**TASK TO CARRY OUT:** Show, in full, each line of the data that contains "growing".

**GIVEN RECORDS:**
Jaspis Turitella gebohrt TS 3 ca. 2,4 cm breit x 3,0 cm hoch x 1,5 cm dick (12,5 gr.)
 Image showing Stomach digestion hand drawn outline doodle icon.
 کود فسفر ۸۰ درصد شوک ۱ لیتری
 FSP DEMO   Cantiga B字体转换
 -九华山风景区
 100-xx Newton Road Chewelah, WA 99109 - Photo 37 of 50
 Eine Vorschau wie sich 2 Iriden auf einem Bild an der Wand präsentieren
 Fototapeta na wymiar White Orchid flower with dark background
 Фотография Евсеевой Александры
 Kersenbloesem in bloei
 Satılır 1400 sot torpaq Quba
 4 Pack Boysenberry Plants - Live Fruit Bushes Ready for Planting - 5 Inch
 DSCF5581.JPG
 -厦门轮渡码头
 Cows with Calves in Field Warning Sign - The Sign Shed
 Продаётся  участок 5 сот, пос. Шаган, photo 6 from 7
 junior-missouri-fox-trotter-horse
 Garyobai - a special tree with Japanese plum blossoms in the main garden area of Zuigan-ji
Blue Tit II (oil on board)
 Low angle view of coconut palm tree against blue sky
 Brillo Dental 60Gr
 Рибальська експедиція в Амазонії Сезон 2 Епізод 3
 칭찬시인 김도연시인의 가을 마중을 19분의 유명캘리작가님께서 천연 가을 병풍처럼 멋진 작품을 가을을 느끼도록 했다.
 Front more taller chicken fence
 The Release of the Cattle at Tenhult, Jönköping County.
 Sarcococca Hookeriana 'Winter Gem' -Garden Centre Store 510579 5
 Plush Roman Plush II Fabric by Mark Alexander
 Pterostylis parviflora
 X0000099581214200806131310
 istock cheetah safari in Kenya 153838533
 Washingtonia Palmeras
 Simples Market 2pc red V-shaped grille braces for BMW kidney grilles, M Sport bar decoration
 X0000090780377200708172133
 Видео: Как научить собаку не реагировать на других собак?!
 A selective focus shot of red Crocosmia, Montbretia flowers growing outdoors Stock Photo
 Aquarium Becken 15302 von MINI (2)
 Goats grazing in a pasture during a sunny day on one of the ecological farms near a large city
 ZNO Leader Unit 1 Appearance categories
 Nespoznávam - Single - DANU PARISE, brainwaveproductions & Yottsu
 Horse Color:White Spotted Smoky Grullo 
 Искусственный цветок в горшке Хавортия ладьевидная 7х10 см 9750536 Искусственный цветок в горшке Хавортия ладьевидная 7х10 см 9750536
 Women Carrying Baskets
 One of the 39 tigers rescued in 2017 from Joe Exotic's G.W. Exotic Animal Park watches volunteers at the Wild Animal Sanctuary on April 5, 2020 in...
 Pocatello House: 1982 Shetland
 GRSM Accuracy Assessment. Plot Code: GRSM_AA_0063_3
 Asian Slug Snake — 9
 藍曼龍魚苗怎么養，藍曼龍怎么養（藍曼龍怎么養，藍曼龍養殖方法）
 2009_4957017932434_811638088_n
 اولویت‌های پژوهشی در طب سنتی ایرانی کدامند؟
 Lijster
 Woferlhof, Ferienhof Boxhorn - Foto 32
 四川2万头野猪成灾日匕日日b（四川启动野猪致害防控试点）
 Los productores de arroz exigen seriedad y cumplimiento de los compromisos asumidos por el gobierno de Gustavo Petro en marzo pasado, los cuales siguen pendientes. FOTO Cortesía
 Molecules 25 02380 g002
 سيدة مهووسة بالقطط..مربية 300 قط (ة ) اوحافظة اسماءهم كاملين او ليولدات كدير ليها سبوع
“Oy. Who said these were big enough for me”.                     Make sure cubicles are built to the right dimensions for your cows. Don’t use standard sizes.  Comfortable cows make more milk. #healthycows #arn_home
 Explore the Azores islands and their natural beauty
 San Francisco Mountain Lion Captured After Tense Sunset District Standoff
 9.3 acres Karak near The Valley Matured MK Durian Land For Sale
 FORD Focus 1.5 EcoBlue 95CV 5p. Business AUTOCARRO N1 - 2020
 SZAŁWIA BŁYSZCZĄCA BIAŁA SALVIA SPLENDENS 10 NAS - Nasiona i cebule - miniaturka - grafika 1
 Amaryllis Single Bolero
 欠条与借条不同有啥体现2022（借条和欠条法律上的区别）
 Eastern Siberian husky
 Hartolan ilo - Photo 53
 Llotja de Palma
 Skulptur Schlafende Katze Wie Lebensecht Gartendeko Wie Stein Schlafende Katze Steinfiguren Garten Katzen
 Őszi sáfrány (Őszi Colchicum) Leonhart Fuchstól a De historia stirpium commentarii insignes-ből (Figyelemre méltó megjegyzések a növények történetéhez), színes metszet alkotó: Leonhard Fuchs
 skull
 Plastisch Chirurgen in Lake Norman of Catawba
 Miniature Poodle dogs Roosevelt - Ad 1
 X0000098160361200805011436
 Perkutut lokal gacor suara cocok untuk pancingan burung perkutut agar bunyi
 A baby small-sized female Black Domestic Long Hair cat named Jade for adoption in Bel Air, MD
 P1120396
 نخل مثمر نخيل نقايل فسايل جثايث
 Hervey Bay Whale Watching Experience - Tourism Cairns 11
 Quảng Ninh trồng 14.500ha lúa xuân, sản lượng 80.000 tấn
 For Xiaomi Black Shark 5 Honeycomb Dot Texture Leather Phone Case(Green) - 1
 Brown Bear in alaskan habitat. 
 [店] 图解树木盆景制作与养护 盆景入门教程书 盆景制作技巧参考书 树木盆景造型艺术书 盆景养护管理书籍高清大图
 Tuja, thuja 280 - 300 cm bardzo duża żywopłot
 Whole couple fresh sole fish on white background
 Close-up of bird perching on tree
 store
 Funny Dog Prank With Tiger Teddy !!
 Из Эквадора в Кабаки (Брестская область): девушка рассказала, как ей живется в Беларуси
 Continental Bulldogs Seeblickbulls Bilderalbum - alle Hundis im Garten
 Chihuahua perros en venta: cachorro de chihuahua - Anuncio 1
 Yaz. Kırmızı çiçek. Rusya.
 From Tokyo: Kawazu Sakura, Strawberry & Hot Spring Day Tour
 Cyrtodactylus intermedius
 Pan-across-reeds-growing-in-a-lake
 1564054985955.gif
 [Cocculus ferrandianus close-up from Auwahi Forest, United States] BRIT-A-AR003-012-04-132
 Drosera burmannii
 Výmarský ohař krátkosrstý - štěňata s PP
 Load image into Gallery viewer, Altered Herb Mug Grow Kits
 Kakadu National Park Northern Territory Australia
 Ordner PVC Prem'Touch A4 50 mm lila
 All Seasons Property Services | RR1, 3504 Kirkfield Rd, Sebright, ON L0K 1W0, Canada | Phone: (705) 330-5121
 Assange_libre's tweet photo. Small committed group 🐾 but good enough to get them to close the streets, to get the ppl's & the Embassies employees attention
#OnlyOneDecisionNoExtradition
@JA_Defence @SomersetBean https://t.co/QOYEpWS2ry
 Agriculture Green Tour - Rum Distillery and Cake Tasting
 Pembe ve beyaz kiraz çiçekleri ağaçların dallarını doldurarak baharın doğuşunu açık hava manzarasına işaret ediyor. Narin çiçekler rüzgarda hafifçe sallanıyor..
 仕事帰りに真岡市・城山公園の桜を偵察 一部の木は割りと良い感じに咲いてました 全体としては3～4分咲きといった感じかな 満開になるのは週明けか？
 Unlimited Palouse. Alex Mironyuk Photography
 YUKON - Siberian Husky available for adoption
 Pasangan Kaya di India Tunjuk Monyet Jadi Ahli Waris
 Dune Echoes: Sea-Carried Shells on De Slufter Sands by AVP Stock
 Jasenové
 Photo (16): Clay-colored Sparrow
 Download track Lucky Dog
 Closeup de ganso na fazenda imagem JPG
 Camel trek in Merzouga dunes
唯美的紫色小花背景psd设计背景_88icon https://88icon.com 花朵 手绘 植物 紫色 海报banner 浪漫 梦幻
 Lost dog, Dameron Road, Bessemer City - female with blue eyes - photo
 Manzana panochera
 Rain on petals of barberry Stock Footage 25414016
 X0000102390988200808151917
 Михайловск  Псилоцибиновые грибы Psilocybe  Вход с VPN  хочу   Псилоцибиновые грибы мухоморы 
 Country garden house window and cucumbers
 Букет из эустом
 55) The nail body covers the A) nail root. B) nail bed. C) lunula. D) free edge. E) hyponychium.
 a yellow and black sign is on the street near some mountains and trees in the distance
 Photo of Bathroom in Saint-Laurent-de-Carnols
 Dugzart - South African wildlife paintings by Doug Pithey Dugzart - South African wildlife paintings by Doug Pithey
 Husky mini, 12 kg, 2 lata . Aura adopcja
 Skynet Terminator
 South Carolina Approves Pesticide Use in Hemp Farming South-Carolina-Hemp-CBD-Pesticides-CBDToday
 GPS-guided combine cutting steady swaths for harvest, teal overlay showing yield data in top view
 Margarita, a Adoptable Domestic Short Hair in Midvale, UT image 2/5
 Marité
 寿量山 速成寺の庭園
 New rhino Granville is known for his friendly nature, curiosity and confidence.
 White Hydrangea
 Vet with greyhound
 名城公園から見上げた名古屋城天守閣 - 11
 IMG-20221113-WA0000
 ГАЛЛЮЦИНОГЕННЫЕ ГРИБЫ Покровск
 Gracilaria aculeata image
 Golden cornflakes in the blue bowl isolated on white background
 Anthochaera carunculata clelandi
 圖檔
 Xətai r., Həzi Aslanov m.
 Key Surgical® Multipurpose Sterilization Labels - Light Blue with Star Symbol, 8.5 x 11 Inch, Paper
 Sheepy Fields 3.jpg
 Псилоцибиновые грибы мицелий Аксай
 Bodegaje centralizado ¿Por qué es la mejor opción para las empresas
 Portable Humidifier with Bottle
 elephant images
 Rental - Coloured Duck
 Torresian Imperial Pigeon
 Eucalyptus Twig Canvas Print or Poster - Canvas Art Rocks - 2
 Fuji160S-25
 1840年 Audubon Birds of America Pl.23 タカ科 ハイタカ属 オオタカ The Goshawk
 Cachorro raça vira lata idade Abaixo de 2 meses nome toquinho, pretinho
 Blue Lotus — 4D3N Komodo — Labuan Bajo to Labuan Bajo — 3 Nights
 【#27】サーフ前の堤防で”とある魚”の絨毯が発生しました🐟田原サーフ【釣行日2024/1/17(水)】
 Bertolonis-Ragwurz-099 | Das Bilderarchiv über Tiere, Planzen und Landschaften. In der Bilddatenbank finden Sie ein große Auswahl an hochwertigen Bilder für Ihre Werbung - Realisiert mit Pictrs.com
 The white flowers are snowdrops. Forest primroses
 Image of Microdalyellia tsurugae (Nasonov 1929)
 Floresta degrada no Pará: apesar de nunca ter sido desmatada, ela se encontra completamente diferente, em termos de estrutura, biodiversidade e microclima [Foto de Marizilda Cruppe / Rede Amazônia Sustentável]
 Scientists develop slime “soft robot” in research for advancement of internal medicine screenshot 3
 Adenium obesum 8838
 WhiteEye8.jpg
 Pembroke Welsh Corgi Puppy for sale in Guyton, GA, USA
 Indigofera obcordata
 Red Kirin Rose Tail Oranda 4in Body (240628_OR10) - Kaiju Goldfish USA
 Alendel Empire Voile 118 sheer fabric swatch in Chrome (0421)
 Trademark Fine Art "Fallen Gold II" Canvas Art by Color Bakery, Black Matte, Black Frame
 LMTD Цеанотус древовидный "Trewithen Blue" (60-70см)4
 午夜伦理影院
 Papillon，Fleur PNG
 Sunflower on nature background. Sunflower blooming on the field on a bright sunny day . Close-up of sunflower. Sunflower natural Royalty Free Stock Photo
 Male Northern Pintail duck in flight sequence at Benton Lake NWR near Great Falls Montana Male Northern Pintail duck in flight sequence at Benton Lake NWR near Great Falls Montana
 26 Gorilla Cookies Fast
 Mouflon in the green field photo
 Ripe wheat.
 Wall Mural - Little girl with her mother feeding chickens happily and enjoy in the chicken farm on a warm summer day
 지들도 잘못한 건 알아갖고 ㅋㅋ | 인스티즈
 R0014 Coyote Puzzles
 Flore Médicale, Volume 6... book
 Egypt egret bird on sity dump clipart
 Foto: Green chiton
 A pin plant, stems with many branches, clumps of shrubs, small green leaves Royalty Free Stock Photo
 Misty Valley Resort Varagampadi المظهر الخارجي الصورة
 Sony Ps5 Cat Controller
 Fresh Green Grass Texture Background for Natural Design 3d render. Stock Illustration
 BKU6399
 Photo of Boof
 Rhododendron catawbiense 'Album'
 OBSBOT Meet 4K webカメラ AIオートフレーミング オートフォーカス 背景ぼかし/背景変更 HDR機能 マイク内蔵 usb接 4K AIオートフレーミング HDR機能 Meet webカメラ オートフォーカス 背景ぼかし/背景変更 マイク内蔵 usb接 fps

**TASK RESULT:**
 A selective focus shot of red Crocosmia, Montbretia flowers growing outdoors Stock Photo
 Pan-across-reeds-growing-in-a-lake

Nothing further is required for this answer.